Attempt No. 1: The Hawks sped down the floor and had the ball knocked out of bounds underneath the basket with 12.2 seconds left.

Attempt No. 2: Woodland coach Gail Cheney called a timeout to set up an inbounds play, but Lindsay Feducia, who had given the Hawks a one-point lead last possession with a runner, couldn’t find anywhere to fit the ball and she called another timeout.

“[Framski] was getting double-teamed and our other players were just standing around waiting for her,” Feducia said.

Attempt No. 3: Cheney drew up another play intended to free Framski with a double screen, but Waterford closed her off, allowing Shannon Meany to break loose and get off a shot that fell off the rim. Feducia grabbed the offensive rebound and was fouled on the put-back attempt.

“They were double teaming [Framski] so there was nothing we could really do,” Cheney said. “I thought Shannon had it.”

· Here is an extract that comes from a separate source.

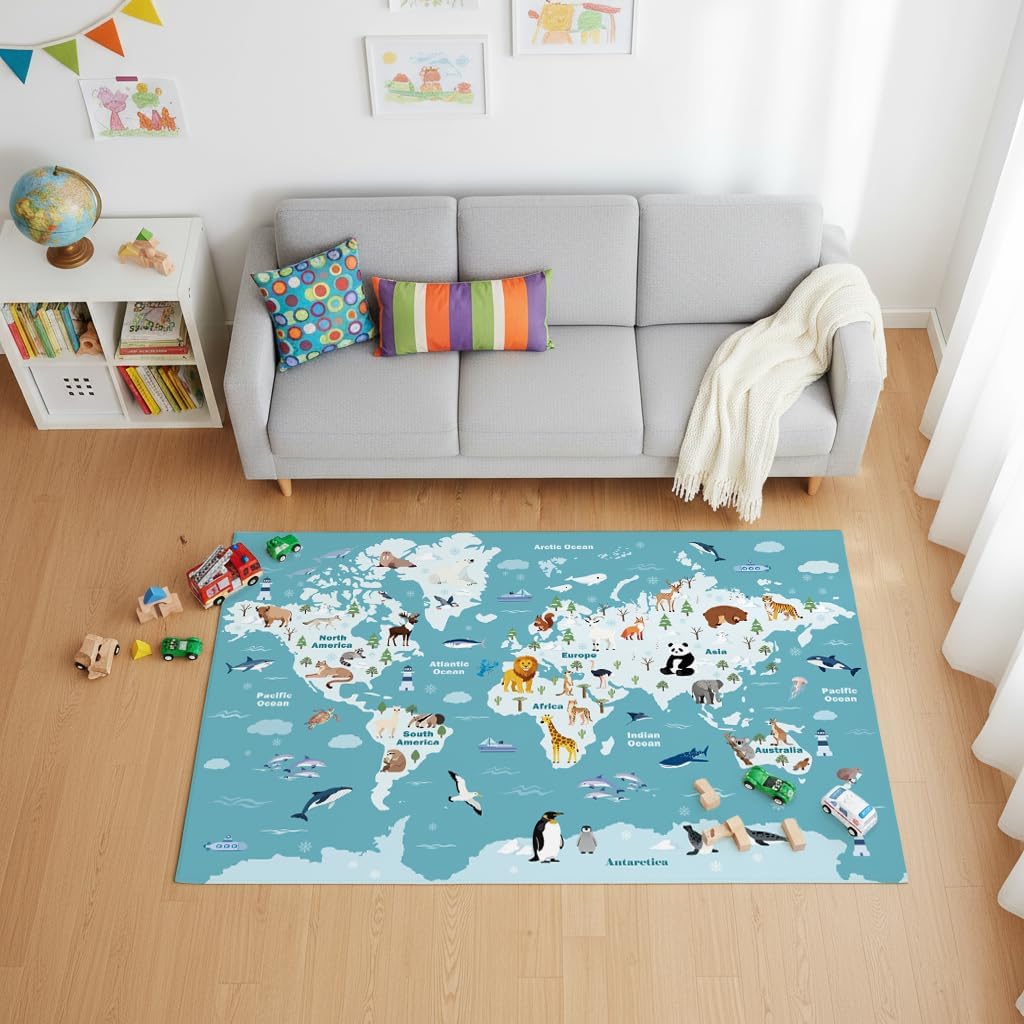 Washable Kids Playroom Rug – 5x7 Play Educational Rug for Preschool Toddlers Baby Girls, Cute Global Wildlife Animals – Non-Slip, Stain Resistant, Soft Safe for Bedroom Classroom - Blue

Attempt No. 4: Feducia, a sound free-throw shooter, went to the line with 7.1 seconds to go, and missed the first shot short. Her second shot was too long, but the ball caromed high into the lane.

Attempt No. 5: Framski soared for the offensive board in heavy traffic. With her back to the basket, she made a half-turn while her momentum carried her away from the basket and hoisted the ball to the rim. It glided along the right side of the rim before finally rolling in.

“I have no idea [how that went in],” Cheney said. “I have no idea. You look to your best players on the team to always come through for you at the end. Lindsay joked and said, ‘Hey, Heather, that was my assist.’”

Waterford had already burned through its allotment of timeouts and couldn’t get a full-court heave off in time before the Woodland student section rushed the floor.

Neither team had more than a two-point lead in the fourth quarter, but the Lancers were just 2-of-10 from the free throw line in the final period while Framski scored 12 points in the frame.

Framski also scored 17 points in the first quarter to help Woodland to a 23-15 lead after the period. She and Andrea Piccolo (eight total points) were the only Hawks to score in the first.

Waterford stormed back and outscored Woodland, 23-15, in the second to take a 38-34 lead at halftime.

The Lancers took their biggest lead at 49-42 late in the third quarter, but crucial jump shots by Kelsey Deegan (four points) and drives by Feducia (13 points, 11 assists) helped the Hawks close the quarter on an 8-2 run and close the deficit to 51-50 heading into the fourth.

Cheney credited Deegan’s two jumpers from the left wing for keeping Woodland in the game.

“That was huge,” Cheney said. “I said to Kelsey at halftime, ‘You need to score.’ In practice, Kelsey is always producing. We need to win with five people. We can’t win with just two.”

Woodland was consistently beaten on the boards, giving Waterford numerous second-chance points. But Framski was too much on the offensive end and a mismatch for a Lancers team who had never before seen her.

“I had a feeling when we walked in, they weren’t very large size-wise and I knew that they couldn’t stop her,” Cheney said.

“I just came out excited,” Framski said. “I didn’t want this to be my last game. I had to do everything to make sure this wasn’t my last game.”

It wasn’t her last game and now Woodland (17-6), fresh off its first state tournament win since 2005 and completing an undefeated home season (10-0), will visit No. 7 Sacred Heart (16-6) Friday night at 7 p.m.

The Hearts were 60-35 winners over No. 26 Classical Magnet in Tuesday’s first round. In the teams’ previous meeting this season, Woodland took a 71-57 win on Jan. 4 in Beacon Falls.

“We played Sacred Heart in the beginning of the year and they’ve come a long way, and so have we,” Cheney said. “I think it’s going to be a very good game. As long as these kids come out and play with as much heart as they have, I think we’ll be OK.”

“We beat them but that was here and it was different,” Feducia said. “It wasn’t lose-and-you’re-done. There’s going to be different pressure. We want it and we’re going to go in there a lot more mentally tough than any game.”